──────── Records supplied

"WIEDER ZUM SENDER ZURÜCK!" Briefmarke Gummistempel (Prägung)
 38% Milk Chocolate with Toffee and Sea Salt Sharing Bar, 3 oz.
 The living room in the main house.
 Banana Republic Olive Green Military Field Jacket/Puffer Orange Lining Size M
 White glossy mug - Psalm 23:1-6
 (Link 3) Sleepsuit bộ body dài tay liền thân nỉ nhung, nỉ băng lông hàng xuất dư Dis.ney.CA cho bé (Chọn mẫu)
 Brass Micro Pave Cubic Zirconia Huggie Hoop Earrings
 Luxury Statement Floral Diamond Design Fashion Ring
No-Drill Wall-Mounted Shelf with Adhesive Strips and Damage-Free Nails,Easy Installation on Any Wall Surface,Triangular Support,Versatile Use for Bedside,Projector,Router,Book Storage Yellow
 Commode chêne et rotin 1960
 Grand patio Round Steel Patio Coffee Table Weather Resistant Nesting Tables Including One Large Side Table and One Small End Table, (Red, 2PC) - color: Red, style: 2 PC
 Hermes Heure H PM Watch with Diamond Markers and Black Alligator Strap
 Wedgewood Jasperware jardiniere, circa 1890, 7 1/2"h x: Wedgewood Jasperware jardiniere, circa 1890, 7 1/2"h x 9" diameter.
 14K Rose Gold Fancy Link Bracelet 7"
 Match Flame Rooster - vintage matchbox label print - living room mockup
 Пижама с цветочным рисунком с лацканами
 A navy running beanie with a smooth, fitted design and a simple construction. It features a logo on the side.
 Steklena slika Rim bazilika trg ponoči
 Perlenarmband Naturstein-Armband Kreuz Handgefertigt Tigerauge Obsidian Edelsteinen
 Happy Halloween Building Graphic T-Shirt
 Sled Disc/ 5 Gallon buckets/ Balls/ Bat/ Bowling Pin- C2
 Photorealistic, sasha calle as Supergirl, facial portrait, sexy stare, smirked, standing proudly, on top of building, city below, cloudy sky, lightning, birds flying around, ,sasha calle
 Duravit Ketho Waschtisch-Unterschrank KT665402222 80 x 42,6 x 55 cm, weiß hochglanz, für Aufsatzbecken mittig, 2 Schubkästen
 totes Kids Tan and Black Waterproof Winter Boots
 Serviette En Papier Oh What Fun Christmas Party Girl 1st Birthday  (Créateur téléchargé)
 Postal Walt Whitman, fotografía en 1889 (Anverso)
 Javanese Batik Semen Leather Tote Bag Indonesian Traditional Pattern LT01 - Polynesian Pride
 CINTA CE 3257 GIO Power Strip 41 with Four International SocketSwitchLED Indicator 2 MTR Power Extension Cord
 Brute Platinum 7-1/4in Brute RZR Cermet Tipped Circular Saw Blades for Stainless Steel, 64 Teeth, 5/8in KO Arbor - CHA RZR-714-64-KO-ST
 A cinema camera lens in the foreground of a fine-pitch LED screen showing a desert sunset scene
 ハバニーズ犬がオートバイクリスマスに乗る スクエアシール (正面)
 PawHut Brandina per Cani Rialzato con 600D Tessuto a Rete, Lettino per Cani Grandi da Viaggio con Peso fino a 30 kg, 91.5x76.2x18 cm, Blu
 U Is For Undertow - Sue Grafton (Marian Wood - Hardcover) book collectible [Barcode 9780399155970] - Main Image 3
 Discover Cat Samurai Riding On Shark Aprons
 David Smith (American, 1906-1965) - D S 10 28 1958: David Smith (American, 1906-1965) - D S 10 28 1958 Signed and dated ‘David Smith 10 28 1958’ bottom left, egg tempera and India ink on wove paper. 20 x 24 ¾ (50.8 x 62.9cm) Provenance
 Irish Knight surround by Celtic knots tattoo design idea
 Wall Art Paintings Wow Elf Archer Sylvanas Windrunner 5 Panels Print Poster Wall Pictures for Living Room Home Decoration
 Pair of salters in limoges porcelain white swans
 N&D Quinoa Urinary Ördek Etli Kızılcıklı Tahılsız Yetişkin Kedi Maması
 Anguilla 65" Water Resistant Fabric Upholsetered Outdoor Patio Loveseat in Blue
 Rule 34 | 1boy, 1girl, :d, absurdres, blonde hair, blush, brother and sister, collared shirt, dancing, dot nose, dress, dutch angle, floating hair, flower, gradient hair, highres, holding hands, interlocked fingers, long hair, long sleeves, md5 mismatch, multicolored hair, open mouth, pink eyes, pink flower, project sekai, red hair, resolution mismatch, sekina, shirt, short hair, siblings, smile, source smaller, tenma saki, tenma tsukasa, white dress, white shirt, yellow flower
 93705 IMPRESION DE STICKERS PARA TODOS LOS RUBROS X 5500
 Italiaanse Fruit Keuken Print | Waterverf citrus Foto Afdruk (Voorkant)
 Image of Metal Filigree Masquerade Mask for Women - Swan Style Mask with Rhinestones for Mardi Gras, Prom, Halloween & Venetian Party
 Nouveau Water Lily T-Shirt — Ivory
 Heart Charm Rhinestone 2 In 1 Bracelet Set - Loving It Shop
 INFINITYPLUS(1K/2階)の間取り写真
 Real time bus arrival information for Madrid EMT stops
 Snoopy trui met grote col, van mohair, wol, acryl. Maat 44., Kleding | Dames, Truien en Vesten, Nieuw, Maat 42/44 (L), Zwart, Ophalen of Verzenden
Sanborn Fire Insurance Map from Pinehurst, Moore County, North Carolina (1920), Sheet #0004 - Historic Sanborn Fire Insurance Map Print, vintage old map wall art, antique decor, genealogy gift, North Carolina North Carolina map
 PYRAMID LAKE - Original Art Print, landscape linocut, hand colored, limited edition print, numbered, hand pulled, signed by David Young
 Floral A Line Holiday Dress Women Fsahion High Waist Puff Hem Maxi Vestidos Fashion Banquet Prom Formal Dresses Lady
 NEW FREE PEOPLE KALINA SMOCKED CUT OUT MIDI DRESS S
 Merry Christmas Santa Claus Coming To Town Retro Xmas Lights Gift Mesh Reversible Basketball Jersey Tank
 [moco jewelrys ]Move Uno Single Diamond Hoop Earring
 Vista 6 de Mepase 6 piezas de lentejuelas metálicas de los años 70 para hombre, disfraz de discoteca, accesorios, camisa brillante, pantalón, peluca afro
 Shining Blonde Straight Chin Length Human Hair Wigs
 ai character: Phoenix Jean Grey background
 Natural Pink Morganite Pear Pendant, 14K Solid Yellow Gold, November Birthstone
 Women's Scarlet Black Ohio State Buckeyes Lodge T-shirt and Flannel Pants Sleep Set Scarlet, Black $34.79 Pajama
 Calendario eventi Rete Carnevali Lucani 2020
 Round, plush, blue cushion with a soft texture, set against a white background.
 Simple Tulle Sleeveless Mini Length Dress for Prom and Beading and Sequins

────────────────

Exercise aim — Exactly as it stands, output the whole listing.

Task solution —
"WIEDER ZUM SENDER ZURÜCK!" Briefmarke Gummistempel (Prägung)
 38% Milk Chocolate with Toffee and Sea Salt Sharing Bar, 3 oz.
 The living room in the main house.
 Banana Republic Olive Green Military Field Jacket/Puffer Orange Lining Size M
 White glossy mug - Psalm 23:1-6
 (Link 3) Sleepsuit bộ body dài tay liền thân nỉ nhung, nỉ băng lông hàng xuất dư Dis.ney.CA cho bé (Chọn mẫu)
 Brass Micro Pave Cubic Zirconia Huggie Hoop Earrings
 Luxury Statement Floral Diamond Design Fashion Ring
No-Drill Wall-Mounted Shelf with Adhesive Strips and Damage-Free Nails,Easy Installation on Any Wall Surface,Triangular Support,Versatile Use for Bedside,Projector,Router,Book Storage Yellow
 Commode chêne et rotin 1960
 Grand patio Round Steel Patio Coffee Table Weather Resistant Nesting Tables Including One Large Side Table and One Small End Table, (Red, 2PC) - color: Red, style: 2 PC
 Hermes Heure H PM Watch with Diamond Markers and Black Alligator Strap
 Wedgewood Jasperware jardiniere, circa 1890, 7 1/2"h x: Wedgewood Jasperware jardiniere, circa 1890, 7 1/2"h x 9" diameter.
 14K Rose Gold Fancy Link Bracelet 7"
 Match Flame Rooster - vintage matchbox label print - living room mockup
 Пижама с цветочным рисунком с лацканами
 A navy running beanie with a smooth, fitted design and a simple construction. It features a logo on the side.
 Steklena slika Rim bazilika trg ponoči
 Perlenarmband Naturstein-Armband Kreuz Handgefertigt Tigerauge Obsidian Edelsteinen
 Happy Halloween Building Graphic T-Shirt
 Sled Disc/ 5 Gallon buckets/ Balls/ Bat/ Bowling Pin- C2
 Photorealistic, sasha calle as Supergirl, facial portrait, sexy stare, smirked, standing proudly, on top of building, city below, cloudy sky, lightning, birds flying around, ,sasha calle
 Duravit Ketho Waschtisch-Unterschrank KT665402222 80 x 42,6 x 55 cm, weiß hochglanz, für Aufsatzbecken mittig, 2 Schubkästen
 totes Kids Tan and Black Waterproof Winter Boots
 Serviette En Papier Oh What Fun Christmas Party Girl 1st Birthday  (Créateur téléchargé)
 Postal Walt Whitman, fotografía en 1889 (Anverso)
 Javanese Batik Semen Leather Tote Bag Indonesian Traditional Pattern LT01 - Polynesian Pride
 CINTA CE 3257 GIO Power Strip 41 with Four International SocketSwitchLED Indicator 2 MTR Power Extension Cord
 Brute Platinum 7-1/4in Brute RZR Cermet Tipped Circular Saw Blades for Stainless Steel, 64 Teeth, 5/8in KO Arbor - CHA RZR-714-64-KO-ST
 A cinema camera lens in the foreground of a fine-pitch LED screen showing a desert sunset scene
 ハバニーズ犬がオートバイクリスマスに乗る スクエアシール (正面)
 PawHut Brandina per Cani Rialzato con 600D Tessuto a Rete, Lettino per Cani Grandi da Viaggio con Peso fino a 30 kg, 91.5x76.2x18 cm, Blu
 U Is For Undertow - Sue Grafton (Marian Wood - Hardcover) book collectible [Barcode 9780399155970] - Main Image 3
 Discover Cat Samurai Riding On Shark Aprons
 David Smith (American, 1906-1965) - D S 10 28 1958: David Smith (American, 1906-1965) - D S 10 28 1958 Signed and dated ‘David Smith 10 28 1958’ bottom left, egg tempera and India ink on wove paper. 20 x 24 ¾ (50.8 x 62.9cm) Provenance
 Irish Knight surround by Celtic knots tattoo design idea
 Wall Art Paintings Wow Elf Archer Sylvanas Windrunner 5 Panels Print Poster Wall Pictures for Living Room Home Decoration
 Pair of salters in limoges porcelain white swans
 N&D Quinoa Urinary Ördek Etli Kızılcıklı Tahılsız Yetişkin Kedi Maması
 Anguilla 65" Water Resistant Fabric Upholsetered Outdoor Patio Loveseat in Blue
 Rule 34 | 1boy, 1girl, :d, absurdres, blonde hair, blush, brother and sister, collared shirt, dancing, dot nose, dress, dutch angle, floating hair, flower, gradient hair, highres, holding hands, interlocked fingers, long hair, long sleeves, md5 mismatch, multicolored hair, open mouth, pink eyes, pink flower, project sekai, red hair, resolution mismatch, sekina, shirt, short hair, siblings, smile, source smaller, tenma saki, tenma tsukasa, white dress, white shirt, yellow flower
 93705 IMPRESION DE STICKERS PARA TODOS LOS RUBROS X 5500
 Italiaanse Fruit Keuken Print | Waterverf citrus Foto Afdruk (Voorkant)
 Image of Metal Filigree Masquerade Mask for Women - Swan Style Mask with Rhinestones for Mardi Gras, Prom, Halloween & Venetian Party
 Nouveau Water Lily T-Shirt — Ivory
 Heart Charm Rhinestone 2 In 1 Bracelet Set - Loving It Shop
 INFINITYPLUS(1K/2階)の間取り写真
 Real time bus arrival information for Madrid EMT stops
 Snoopy trui met grote col, van mohair, wol, acryl. Maat 44., Kleding | Dames, Truien en Vesten, Nieuw, Maat 42/44 (L), Zwart, Ophalen of Verzenden
Sanborn Fire Insurance Map from Pinehurst, Moore County, North Carolina (1920), Sheet #0004 - Historic Sanborn Fire Insurance Map Print, vintage old map wall art, antique decor, genealogy gift, North Carolina North Carolina map
 PYRAMID LAKE - Original Art Print, landscape linocut, hand colored, limited edition print, numbered, hand pulled, signed by David Young
 Floral A Line Holiday Dress Women Fsahion High Waist Puff Hem Maxi Vestidos Fashion Banquet Prom Formal Dresses Lady
 NEW FREE PEOPLE KALINA SMOCKED CUT OUT MIDI DRESS S
 Merry Christmas Santa Claus Coming To Town Retro Xmas Lights Gift Mesh Reversible Basketball Jersey Tank
 [moco jewelrys ]Move Uno Single Diamond Hoop Earring
 Vista 6 de Mepase 6 piezas de lentejuelas metálicas de los años 70 para hombre, disfraz de discoteca, accesorios, camisa brillante, pantalón, peluca afro
 Shining Blonde Straight Chin Length Human Hair Wigs
 ai character: Phoenix Jean Grey background
 Natural Pink Morganite Pear Pendant, 14K Solid Yellow Gold, November Birthstone
 Women's Scarlet Black Ohio State Buckeyes Lodge T-shirt and Flannel Pants Sleep Set Scarlet, Black $34.79 Pajama
 Calendario eventi Rete Carnevali Lucani 2020
 Round, plush, blue cushion with a soft texture, set against a white background.
 Simple Tulle Sleeveless Mini Length Dress for Prom and Beading and Sequins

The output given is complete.